On Wed, Aug 2, 2023 at 7:20 PM Jeremiah Jordan <[email protected]>
wrote:

> SASI just uses “=“ for the tokenized equality matching, which is the exact
> thing this discussion is about changing/not liking.
>
> > On Aug 2, 2023, at 7:18 PM, J. D. Jordan <[email protected]>
> wrote:
> >
> > I do not think LIKE actually applies here.
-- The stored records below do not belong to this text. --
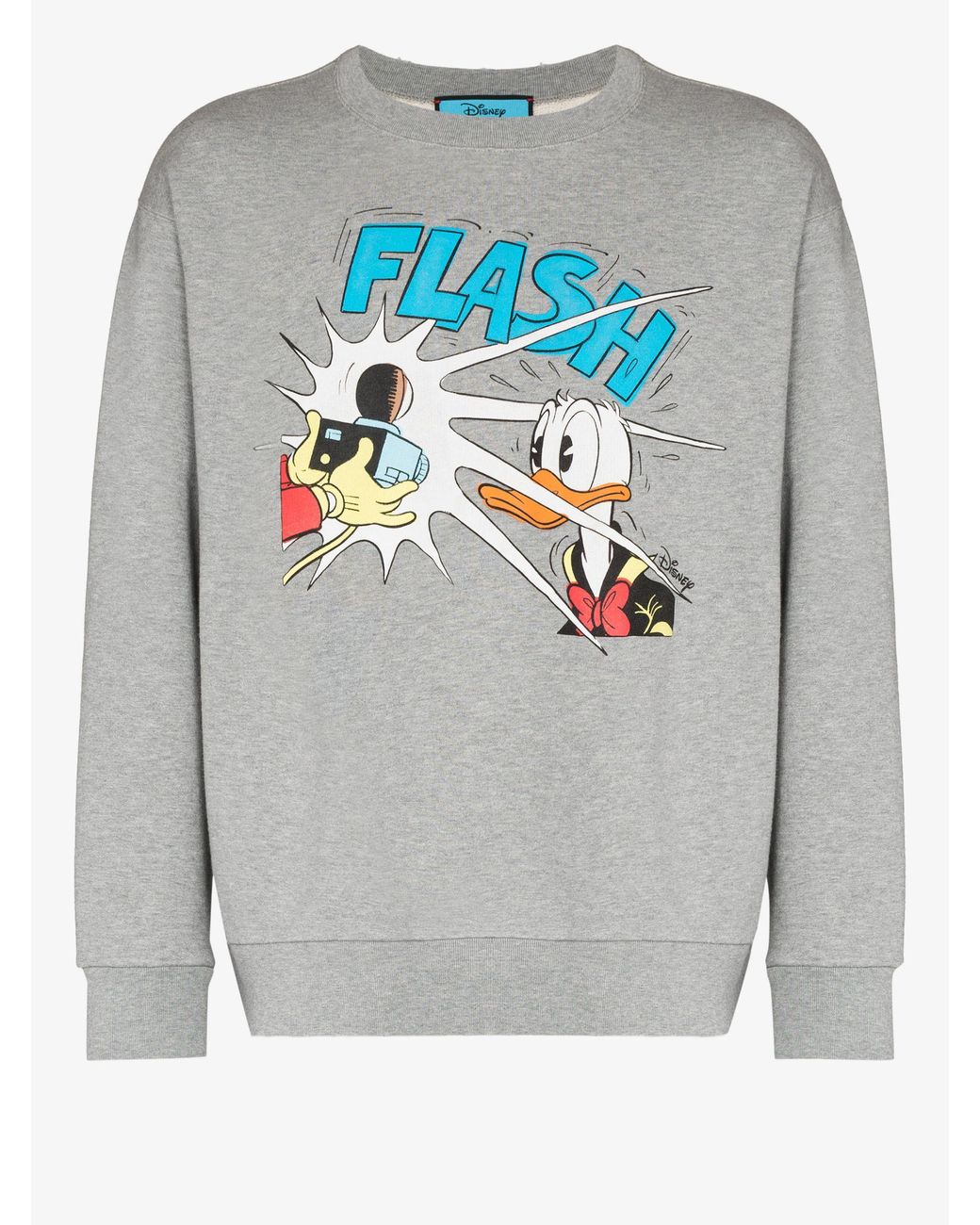 Gucci X Disney Donald Duck Flash Sweatshirt in Gray for Men | Lyst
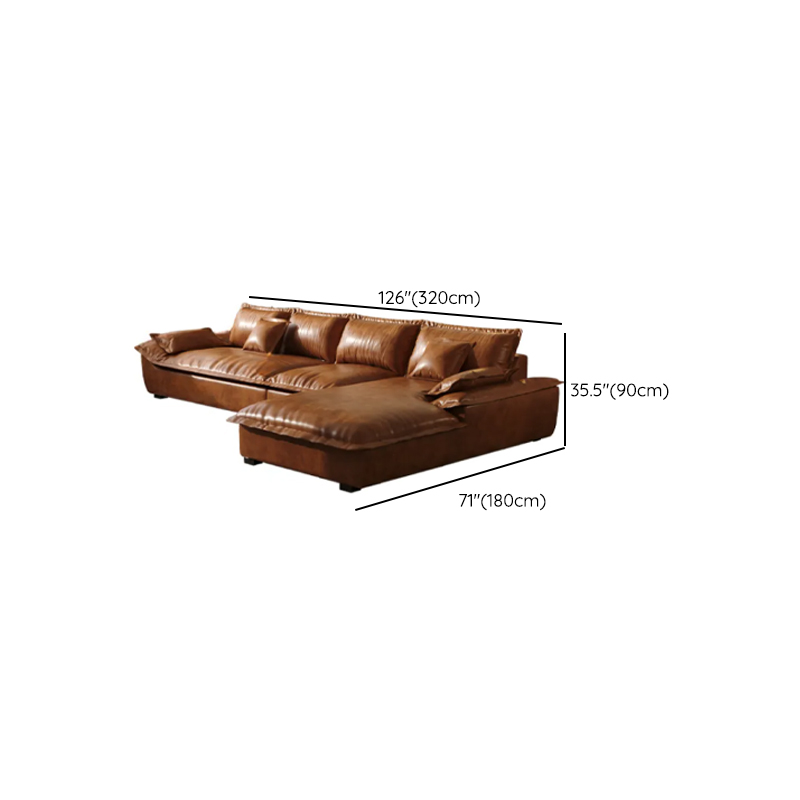 L-Shape Leather Sectional | Ormau - image 13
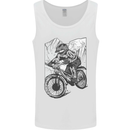 Downhill Mountain Biking DH Bike Cycling Mens Vest Tank Top White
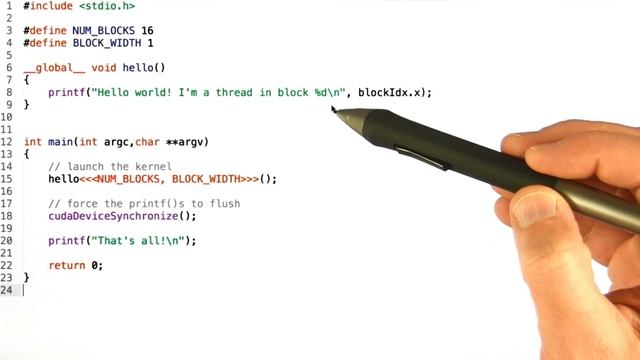 A Thread Block Programming Example - Intro to Parallel Programming смотреть онлайн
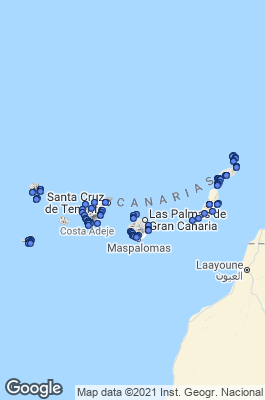 Canary Islands Dive site map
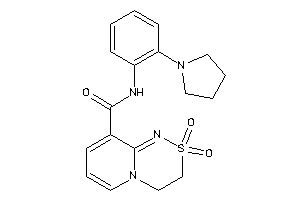 2,2-diketo-N-(2-pyrrolidinophenyl)-3,4-dihydropyrido[2,1-c][1,2,4]thiadiazine-9-carboxamide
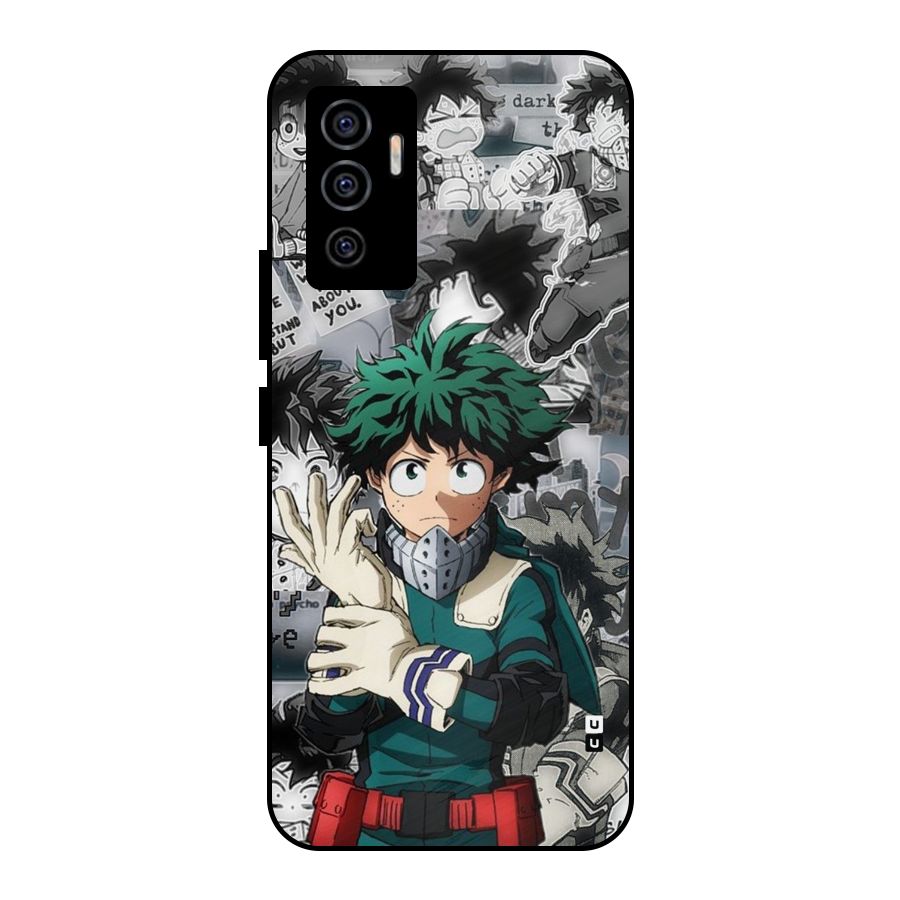 Izuku Midoriya Metal Back Case for Vivo V23e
LIKE is used for prefix,
> contains, or suffix searches in SASI depending on the index type.
> >
> > This is about exact matching of tokens.
> >
> >> On Aug 2, 2023, at 5:53 PM, Jon Haddad <[email protected]>
> wrote:
> >>
> >> Certain bits of functionality also already exist on the SASI side of
> things, but I'm not sure how much overlap there is.  Currently, there's a
> LIKE keyword that handles token matching, although it seems to have some
> differences from the feature set in SAI.
> >>
> >> That said, there seems to be enough of an overlap that it would make
> sense to consider using LIKE in the same manner, doesn't it?  I think it
> would be a little odd if we have different syntax for different indexes.
> >>
> >> https://github.com/apache/cassandra/blob/trunk/doc/SASI.md
> >>
> >> I think one complication here is that there seems to be a desire, that
> I very much agree with, to expose as much of the underlying flexibility of
> Lucene as much as possible.  If it means we use Caleb's suggestion, I'd ask
> that the queries that SASI and SAI both support use the same syntax, even
> if it means there's two ways of writing the same query.  To use Caleb's
> example, this would mean supporting both LIKE and the `expr` column.
> >>
> >> Jon
> >>
> >>>> On 2023/08/01 19:17:11 Caleb Rackliffe wrote:
> >>> Here are some additional bits of prior art, if anyone finds them
> useful:
> >>>
> >>>
> >>> The Stratio Lucene Index -
> >>> https://github.com/Stratio/cassandra-lucene-index#examples
> >>>
> >>> Stratio was the reason C* added the "expr" functionality. They embedded
> >>> something similar to ElasticSearch JSON, which probably isn't my
> favorite
> >>> choice, but it's there.
> >>>
> >>>
> >>> The ElasticSearch match query syntax -
> >>>
> https://urldefense.com/v3/__https://www.elastic.co/guide/en/elasticsearch/reference/current/query-dsl-match-query.html__;!!PbtH5S7Ebw!ZHwYJ2xkivwTzYgjkp5QFAzALXCWPqkga6GBD-m2aK3j06ioSCRPsdZD0CIe50VpRrtW-1rY_m6lrSpp7zVlAf0MsxZ9$
> >>>
> >>> Again, not my favorite. It's verbose, and probably too powerful for us.
> >>>
> >>>
> >>> ElasticSearch's documentation for the basic Lucene query syntax -
> >>>
> https://urldefense.com/v3/__https://www.elastic.co/guide/en/elasticsearch/reference/8.9/query-dsl-query-string-query.html*query-string-syntax__;Iw!!PbtH5S7Ebw!ZHwYJ2xkivwTzYgjkp5QFAzALXCWPqkga6GBD-m2aK3j06ioSCRPsdZD0CIe50VpRrtW-1rY_m6lrSpp7zVlAXEPP1sK$
> >>>
> >>> One idea is to take the basic Lucene index, which it seems we already
> have
> >>> some support for, and feed it to "expr". This is nice for two reasons:
> >>>
> >>> 1.) People can just write Lucene queries if they already know how.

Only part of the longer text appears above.